*What needs to be done*.
In the material below, transcribe every line from the first through the line holding "Holiday Park Apartments", exactly, and stop after that line.

..............................

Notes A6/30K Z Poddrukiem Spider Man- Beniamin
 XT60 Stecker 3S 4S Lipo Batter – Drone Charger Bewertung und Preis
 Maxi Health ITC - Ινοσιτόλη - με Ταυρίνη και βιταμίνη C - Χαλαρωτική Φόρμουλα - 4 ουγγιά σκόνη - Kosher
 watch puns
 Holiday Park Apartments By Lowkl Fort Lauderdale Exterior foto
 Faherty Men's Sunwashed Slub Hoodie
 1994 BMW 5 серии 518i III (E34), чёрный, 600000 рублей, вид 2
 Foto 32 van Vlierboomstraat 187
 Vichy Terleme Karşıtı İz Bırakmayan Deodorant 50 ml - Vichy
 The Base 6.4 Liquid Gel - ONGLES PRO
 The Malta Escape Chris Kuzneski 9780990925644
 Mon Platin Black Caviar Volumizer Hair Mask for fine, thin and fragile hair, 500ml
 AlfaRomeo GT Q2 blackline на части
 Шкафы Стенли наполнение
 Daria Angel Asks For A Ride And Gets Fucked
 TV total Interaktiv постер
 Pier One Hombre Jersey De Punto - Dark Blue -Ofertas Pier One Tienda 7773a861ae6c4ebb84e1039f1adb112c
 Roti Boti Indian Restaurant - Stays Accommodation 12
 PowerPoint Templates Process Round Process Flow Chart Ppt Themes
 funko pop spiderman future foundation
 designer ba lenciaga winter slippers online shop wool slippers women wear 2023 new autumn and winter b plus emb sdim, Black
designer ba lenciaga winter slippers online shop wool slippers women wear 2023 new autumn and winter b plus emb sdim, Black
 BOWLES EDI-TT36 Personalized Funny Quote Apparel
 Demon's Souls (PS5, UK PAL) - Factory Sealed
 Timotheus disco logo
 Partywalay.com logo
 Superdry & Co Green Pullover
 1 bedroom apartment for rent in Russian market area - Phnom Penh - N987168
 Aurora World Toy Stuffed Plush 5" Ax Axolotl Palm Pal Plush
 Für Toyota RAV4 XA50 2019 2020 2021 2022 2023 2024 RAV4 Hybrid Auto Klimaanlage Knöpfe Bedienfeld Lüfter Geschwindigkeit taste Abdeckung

..............................

*Answer section*.
Notes A6/30K Z Poddrukiem Spider Man- Beniamin
 XT60 Stecker 3S 4S Lipo Batter – Drone Charger Bewertung und Preis
 Maxi Health ITC - Ινοσιτόλη - με Ταυρίνη και βιταμίνη C - Χαλαρωτική Φόρμουλα - 4 ουγγιά σκόνη - Kosher
 watch puns
 Holiday Park Apartments By Lowkl Fort Lauderdale Exterior foto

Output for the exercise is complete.